Laconia pays $102.57 a ton to process recyclables collected through the single stream system, and $83.25 a ton for trash that is sent to an energy-from-waste incinerator, according to the Laconia Daily Sun. The issue came up because Laconia’s contract with Casella Systems ran out, and all the bids it received for new contracts had costs based on the resale value of the materials.
Glass has long been a problem in single-stream systems where consumers put all material into one bin, because it can break and the pieces can get mixed in with other materials. This was not much of a problem until China began a crackdown a few years ago and refused to accept other recycled material such as cardboard and plastic that included any broken glass.
Since then, processing centers that separate material collected in single-stream systems have increasingly told their clients not to accept glass. In March, Hooksett became the first area town to tell its residents to stop recycling their glass.

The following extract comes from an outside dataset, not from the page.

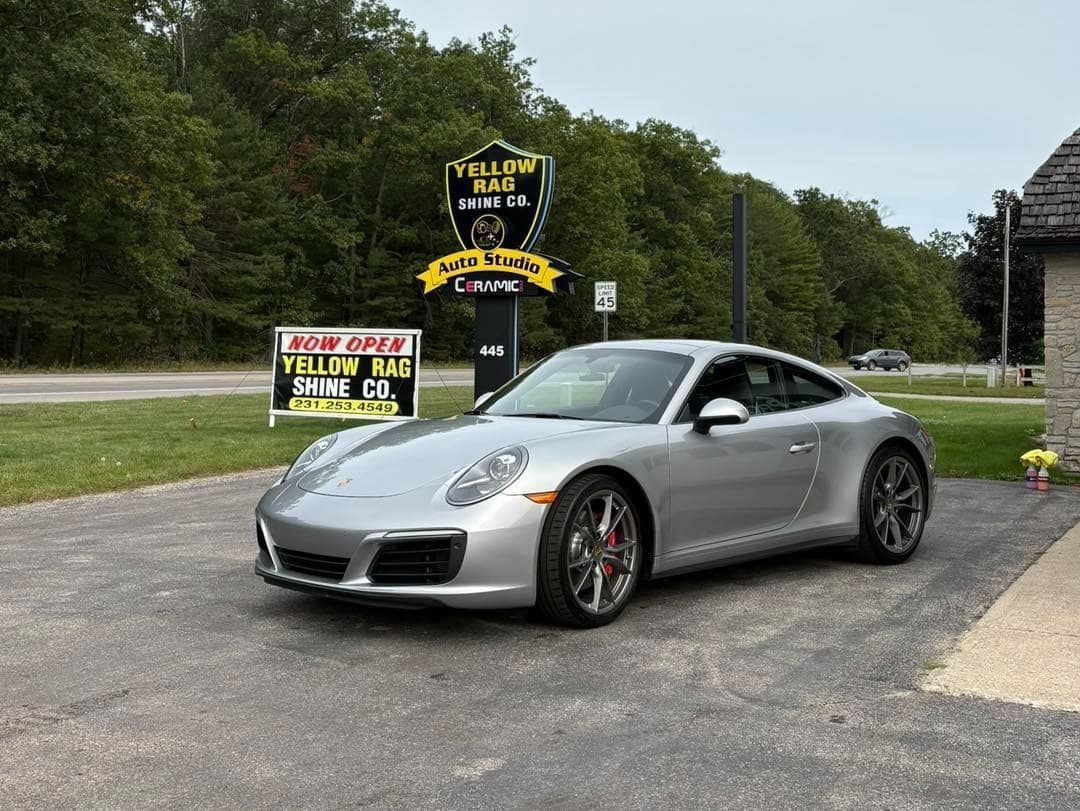 Silver Porsche coupe parked in front of Yellow Hat Shine car wash sign.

Glass isn’t the only material facing a problem. Plastic bags and film can tangle themselves in machinery that separates out different materials from single-stream collections. Concord began telling residents in January to throw those bags away, or leave them at recycling centers that take only plastic bags commonly found in grocery stores.
These changes are part of severe economic pressure being placed on town and city recycling programs. These programs have expanded in recent years lured by money that could be made sending such recyclables as cardboard, paper and certain plastics over to China, which bought it as raw material to fuel its economic growth.
But China has gotten much pickier about what material it buys, via programs called Green Fence and National Sword. In late 2017 , it said it would stop accepting several types of material altogether, including unsorted paper and some types of plastic, and in early April it expanded that ban to dozens more typesof materials, including steel and used auto parts.
Glass has been particularly hard hit because a bottle manufacturing plant in Medford, Mass., shut in March following a decline in sales of national beer brands and craft beers increasing use of cans. The factory, owned by the Ardagh Group, annually bought some 2,000 tons of “cullet,” the industry term for old glass that can be made into new glass, and was by far the largest customer for recycled glass in New England.
This has caused a domino effect, with recycled glass piling up at transfer stations and dumps around the region. There is a push to find other uses for recycled glass, such as grinding it up so it can be a replacement for gravel under roads and in construction projects.
At the Science Cafe New Hampshire discussion Tuesday in Concord, Durfor, of the NRAA, said the economic pressure caused by China might force America to rethink how it makes and uses all products.
“We’ve got to start paying attention and fix this. Don’t make materials that we have to throw away. Don’t make materials that can’t be reused,” he said, adding that the recycling industry is “the last line of defense.”
Michael Nork, an environmental analyst with the state Solid Waste Management Bureau, told Science Cafe that part of the problem is a change in products, such as different types of plastic replacing other materials such as glass or cardboard.
“Single stream was invented at a time when we were recycling the stuff we recycled 20 years ago – cans, bottles, cardboard paper. But now the packaging industry has expanded … it’s a little bit grayer about what is or isn’t recyclable, because the packaging industry has expanded faster than the infrastructure established to handle it,” Nork said.